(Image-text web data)
────────────────

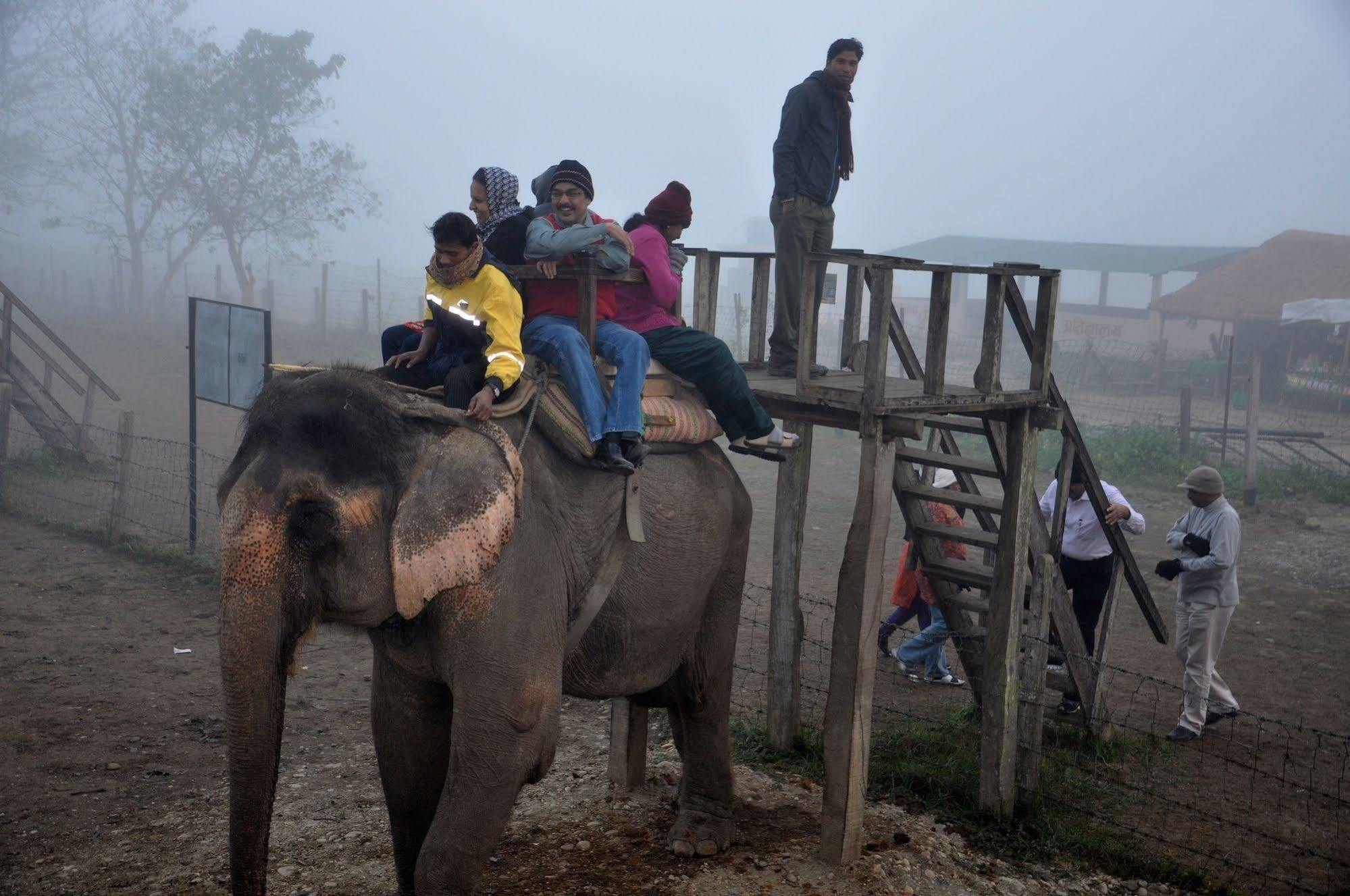 Chitwan Safari Camp & Lodge Sauraha Bagian luar foto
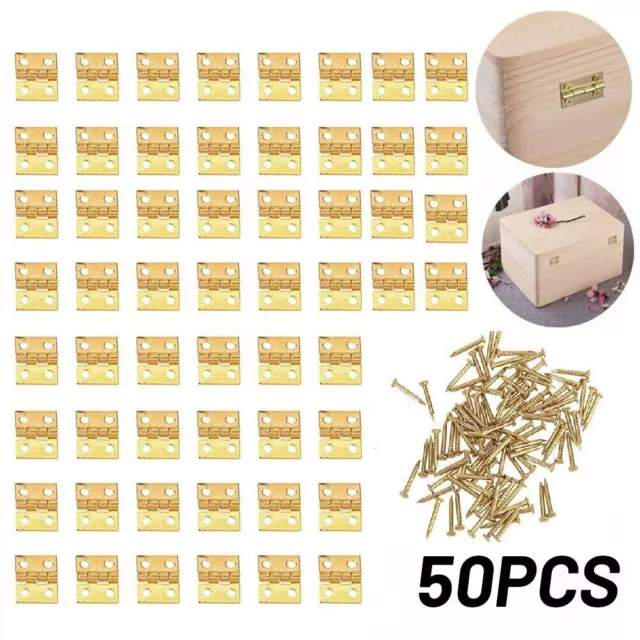 Set Cerniere Ottone Solido Miniatura per Piccoli Artigianato 50pz Argento Oro 8*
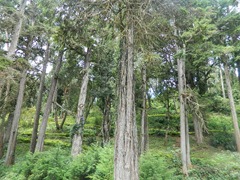DSCN0197 DSCN0197
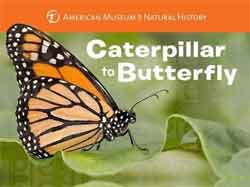 CATERPILLAR TO BUTTERFLY. AMERICAN MUSEUM OF NATURAL HISTORY 1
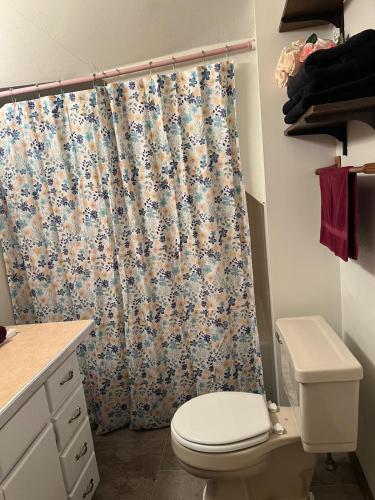 a bathroom with a toilet and a shower curtain at Mixon Villa-Laurel in Laurel
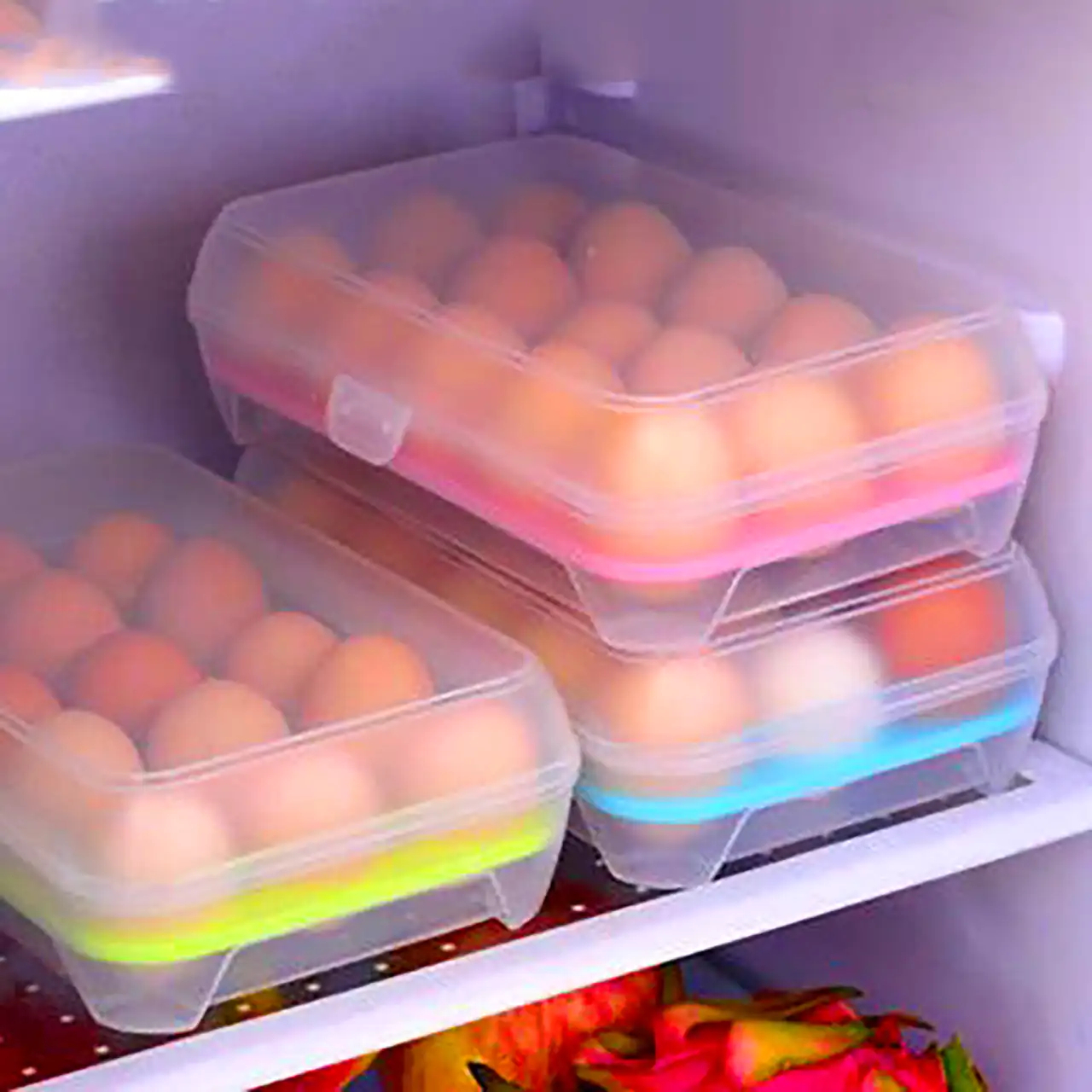 جا تخم مرغی جدید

────────────────

Every line above should be output exactly, except for the pictures.

 Chitwan Safari Camp & Lodge Sauraha Bagian luar foto
 Set Cerniere Ottone Solido Miniatura per Piccoli Artigianato 50pz Argento Oro 8*
DSCN0197 DSCN0197
 CATERPILLAR TO BUTTERFLY. AMERICAN MUSEUM OF NATURAL HISTORY 1
 a bathroom with a toilet and a shower curtain at Mixon Villa-Laurel in Laurel
 جا تخم مرغی جدید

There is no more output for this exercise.